Action item: Should an entry contain an image, leave the image out and repeat the entry's text exactly.
++++++++
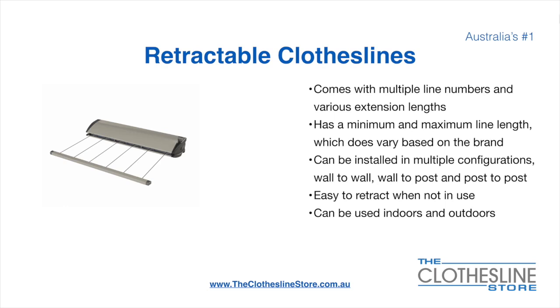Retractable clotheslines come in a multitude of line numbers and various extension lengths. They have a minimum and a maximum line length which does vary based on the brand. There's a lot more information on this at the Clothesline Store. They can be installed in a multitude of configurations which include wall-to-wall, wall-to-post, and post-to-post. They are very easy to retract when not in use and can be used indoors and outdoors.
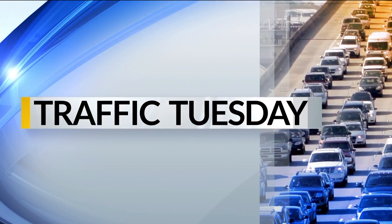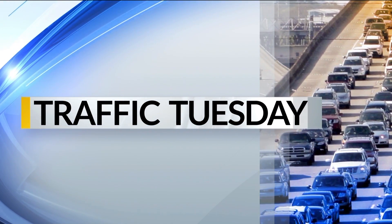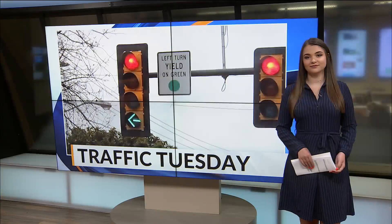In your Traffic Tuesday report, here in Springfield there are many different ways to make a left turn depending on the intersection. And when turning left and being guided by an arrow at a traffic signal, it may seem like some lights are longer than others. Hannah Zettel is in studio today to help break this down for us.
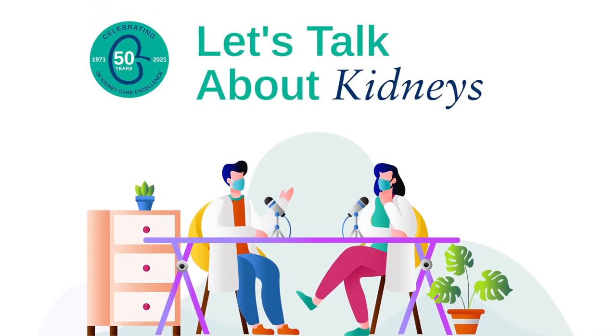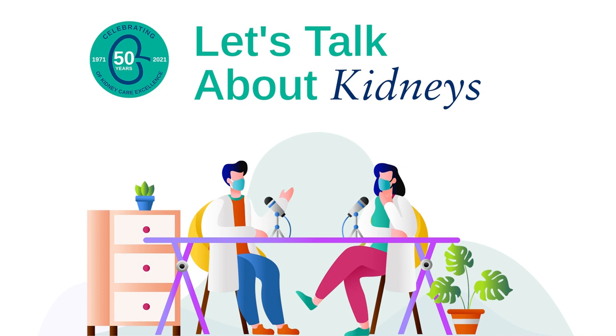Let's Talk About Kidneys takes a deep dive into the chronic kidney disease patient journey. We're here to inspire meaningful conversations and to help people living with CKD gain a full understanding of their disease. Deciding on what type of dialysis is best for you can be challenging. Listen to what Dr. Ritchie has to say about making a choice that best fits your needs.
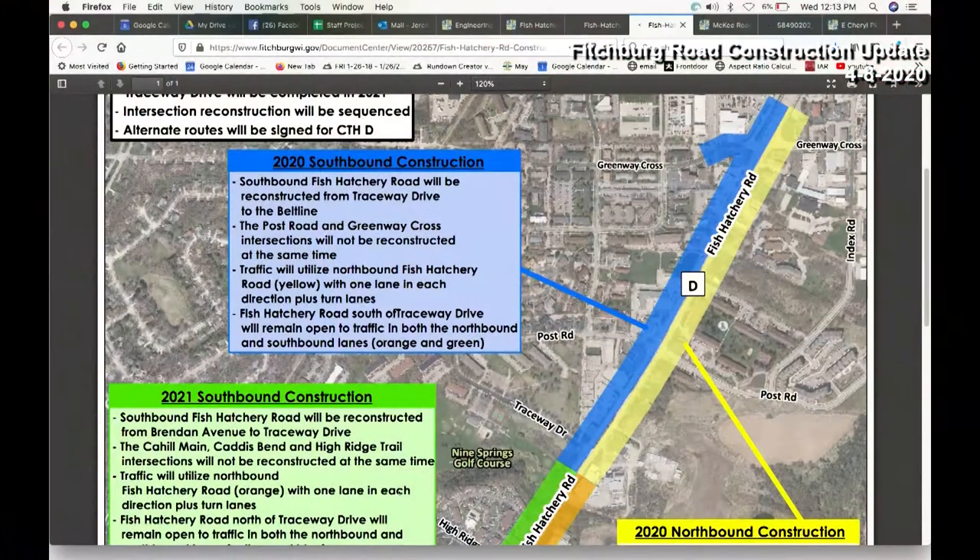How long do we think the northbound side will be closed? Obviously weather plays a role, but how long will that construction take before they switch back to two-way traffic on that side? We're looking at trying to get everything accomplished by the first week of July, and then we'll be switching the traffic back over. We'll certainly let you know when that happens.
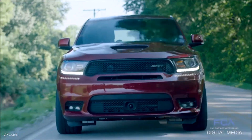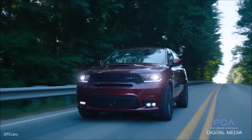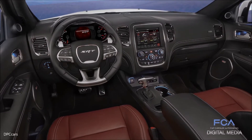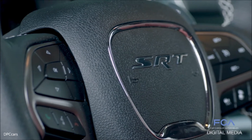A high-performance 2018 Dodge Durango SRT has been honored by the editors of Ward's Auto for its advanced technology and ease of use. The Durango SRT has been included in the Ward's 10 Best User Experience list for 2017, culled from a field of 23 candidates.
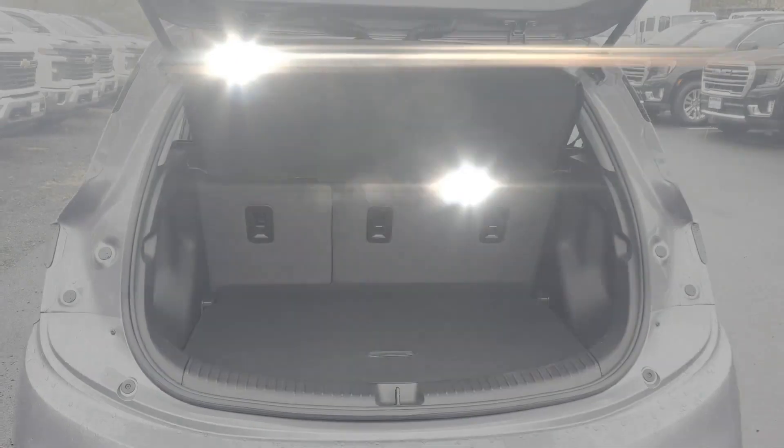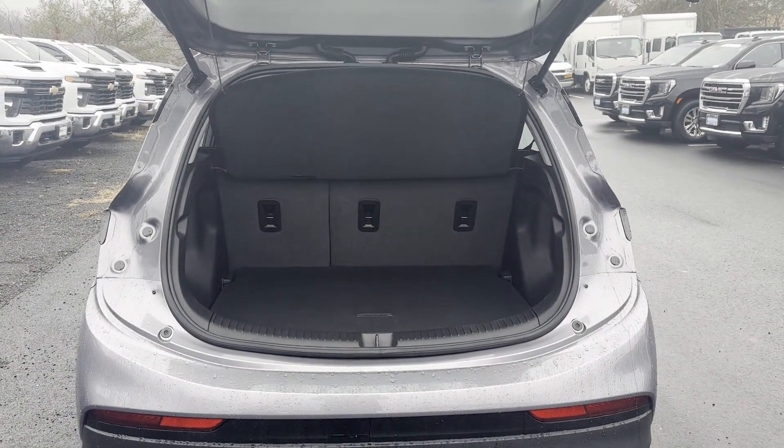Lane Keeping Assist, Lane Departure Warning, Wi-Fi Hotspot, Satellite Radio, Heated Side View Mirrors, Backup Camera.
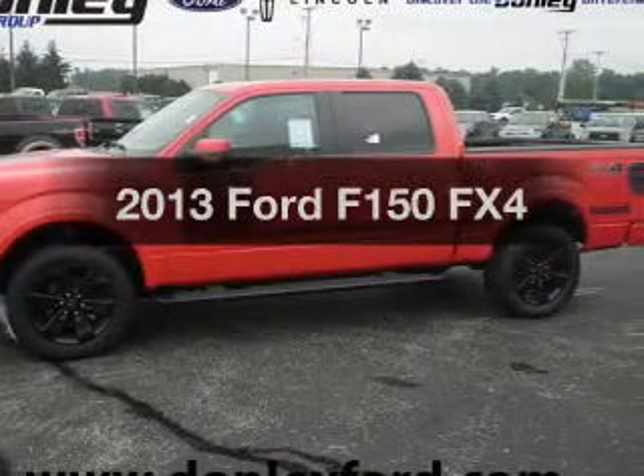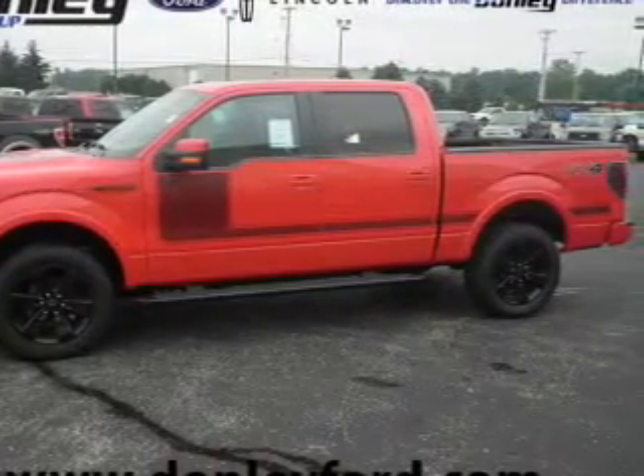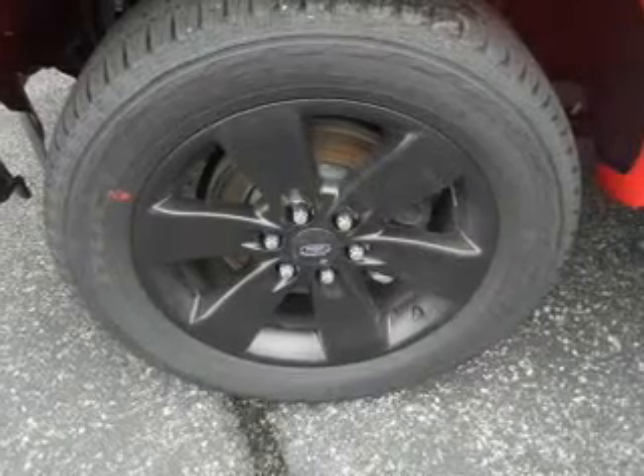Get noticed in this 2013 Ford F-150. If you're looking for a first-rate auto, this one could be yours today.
++++++++
Completed exercise:
Retractable clotheslines come in a multitude of line numbers and various extension lengths. They have a minimum and a maximum line length which does vary based on the brand. There's a lot more information on this at the Clothesline Store. They can be installed in a multitude of configurations which include wall-to-wall, wall-to-post, and post-to-post. They are very easy to retract when not in use and can be used indoors and outdoors.
In your Traffic Tuesday report, here in Springfield there are many different ways to make a left turn depending on the intersection. And when turning left and being guided by an arrow at a traffic signal, it may seem like some lights are longer than others. Hannah Zettel is in studio today to help break this down for us.
Let's Talk About Kidneys takes a deep dive into the chronic kidney disease patient journey. We're here to inspire meaningful conversations and to help people living with CKD gain a full understanding of their disease. Deciding on what type of dialysis is best for you can be challenging. Listen to what Dr. Ritchie has to say about making a choice that best fits your needs.
How long do we think the northbound side will be closed? Obviously weather plays a role, but how long will that construction take before they switch back to two-way traffic on that side? We're looking at trying to get everything accomplished by the first week of July, and then we'll be switching the traffic back over. We'll certainly let you know when that happens.
A high-performance 2018 Dodge Durango SRT has been honored by the editors of Ward's Auto for its advanced technology and ease of use. The Durango SRT has been included in the Ward's 10 Best User Experience list for 2017, culled from a field of 23 candidates.
Lane Keeping Assist, Lane Departure Warning, Wi-Fi Hotspot, Satellite Radio, Heated Side View Mirrors, Backup Camera.
Get noticed in this 2013 Ford F-150. If you're looking for a first-rate auto, this one could be yours today.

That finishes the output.